--- START ---
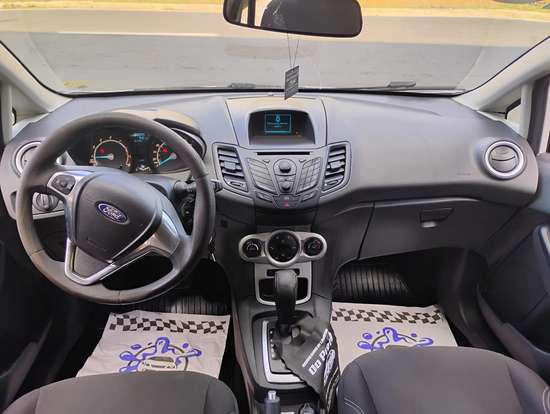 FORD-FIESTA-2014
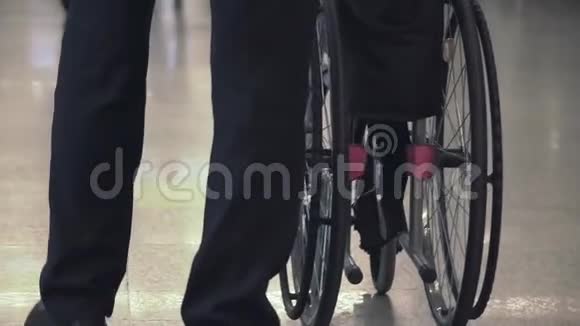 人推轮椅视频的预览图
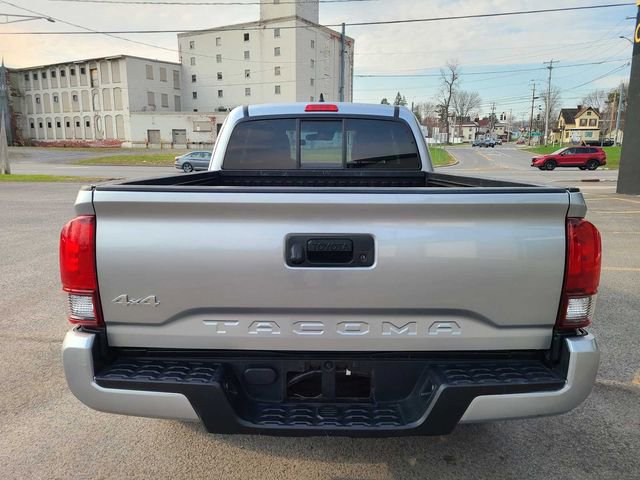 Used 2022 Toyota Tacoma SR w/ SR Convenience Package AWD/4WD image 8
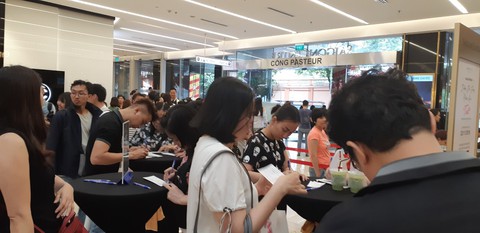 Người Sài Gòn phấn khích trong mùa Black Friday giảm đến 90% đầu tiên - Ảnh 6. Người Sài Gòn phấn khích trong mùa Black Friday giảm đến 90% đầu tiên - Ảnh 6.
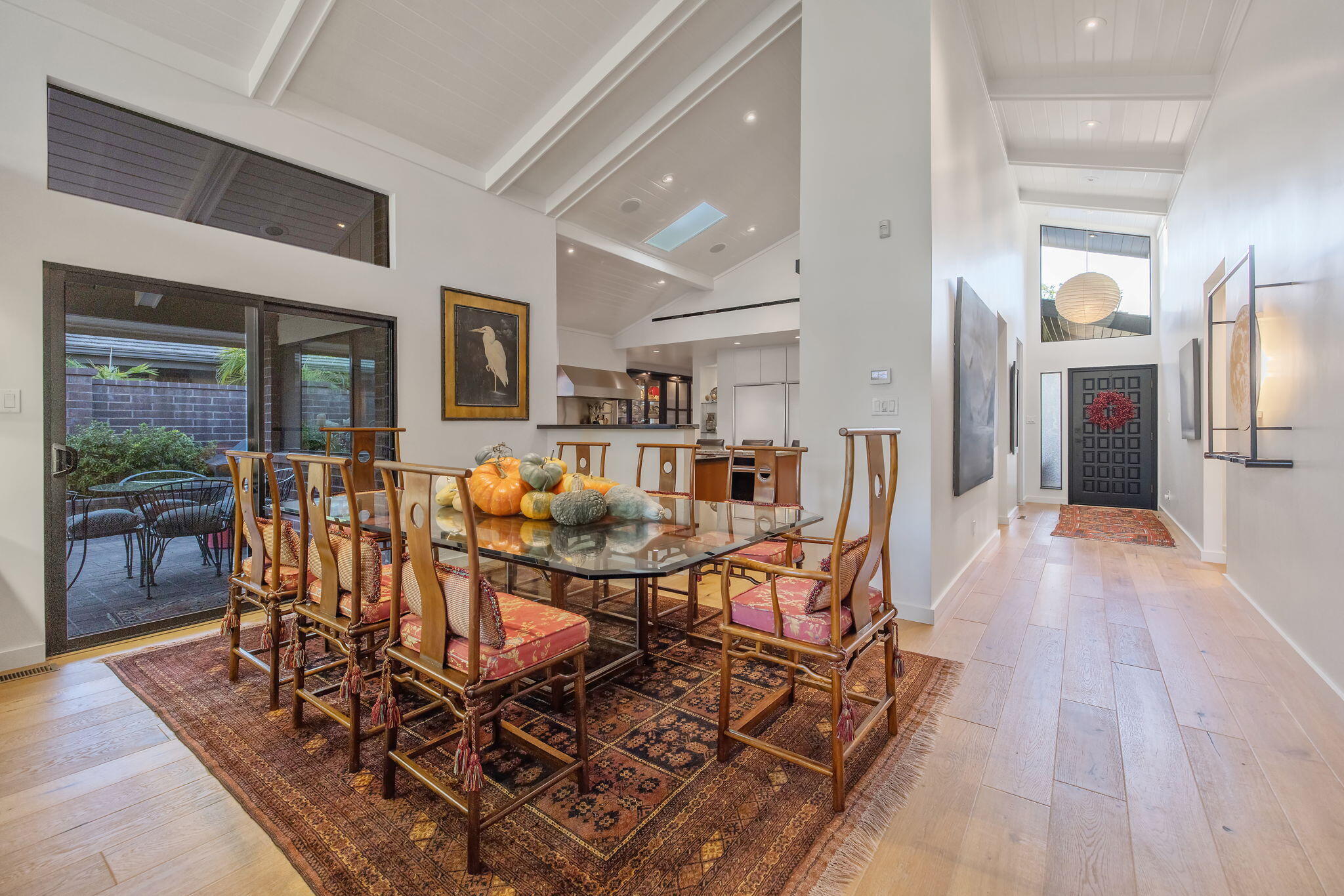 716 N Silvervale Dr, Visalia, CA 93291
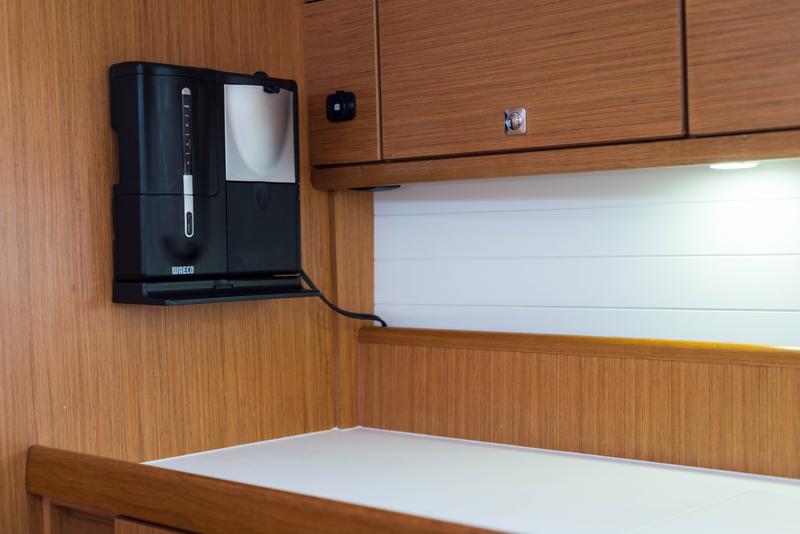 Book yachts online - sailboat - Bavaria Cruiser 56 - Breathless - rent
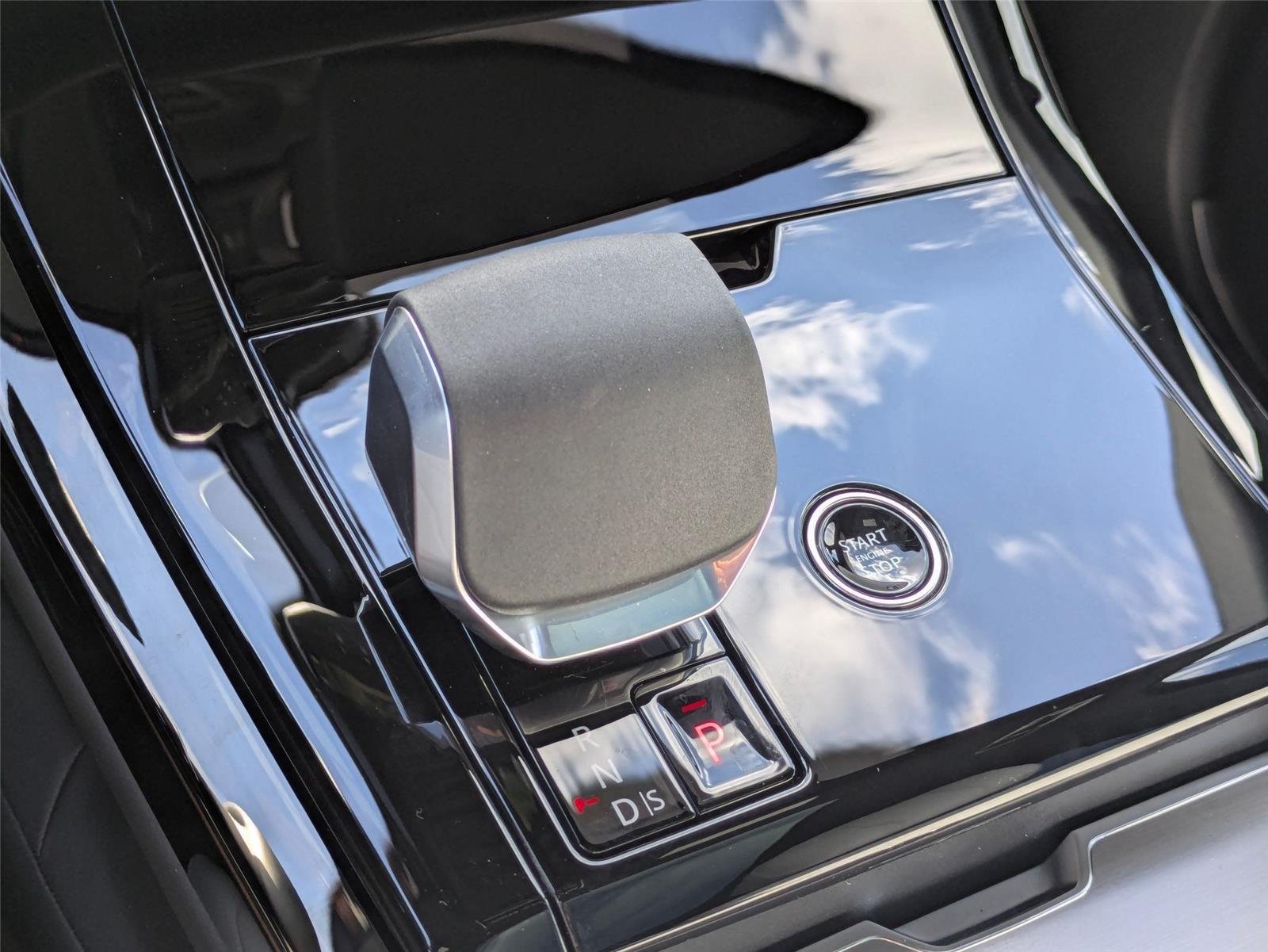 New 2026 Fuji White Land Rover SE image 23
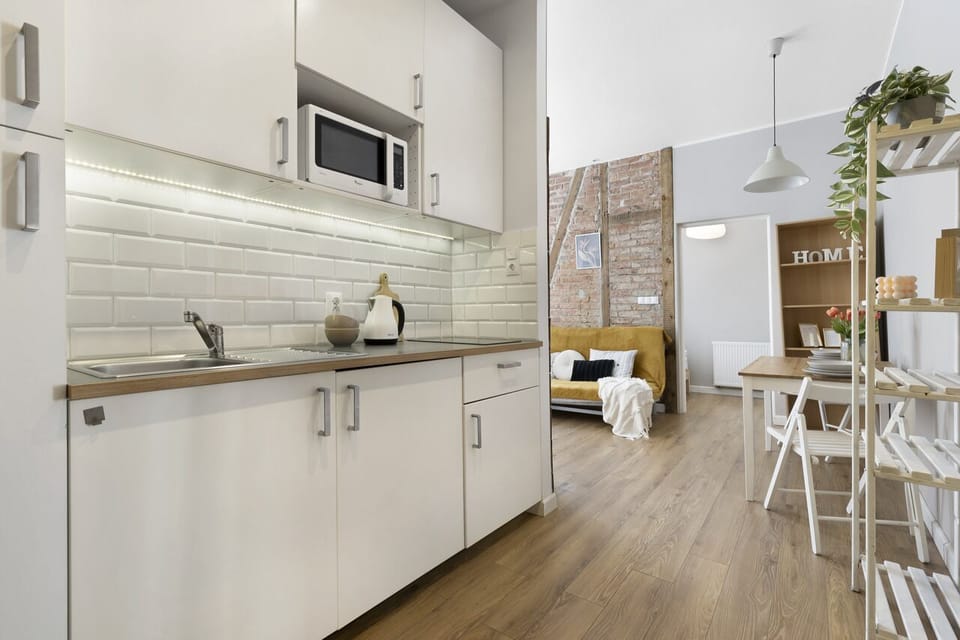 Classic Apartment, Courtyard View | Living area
--- END ---
## Assigned task
A precise repetition of every entry, free of pictures, is the expected answer.

## Your solution
 FORD-FIESTA-2014
 人推轮椅视频的预览图
 Used 2022 Toyota Tacoma SR w/ SR Convenience Package AWD/4WD image 8
 Người Sài Gòn phấn khích trong mùa Black Friday giảm đến 90% đầu tiên - Ảnh 6. Người Sài Gòn phấn khích trong mùa Black Friday giảm đến 90% đầu tiên - Ảnh 6.
 716 N Silvervale Dr, Visalia, CA 93291
 Book yachts online - sailboat - Bavaria Cruiser 56 - Breathless - rent
 New 2026 Fuji White Land Rover SE image 23
 Classic Apartment, Courtyard View | Living area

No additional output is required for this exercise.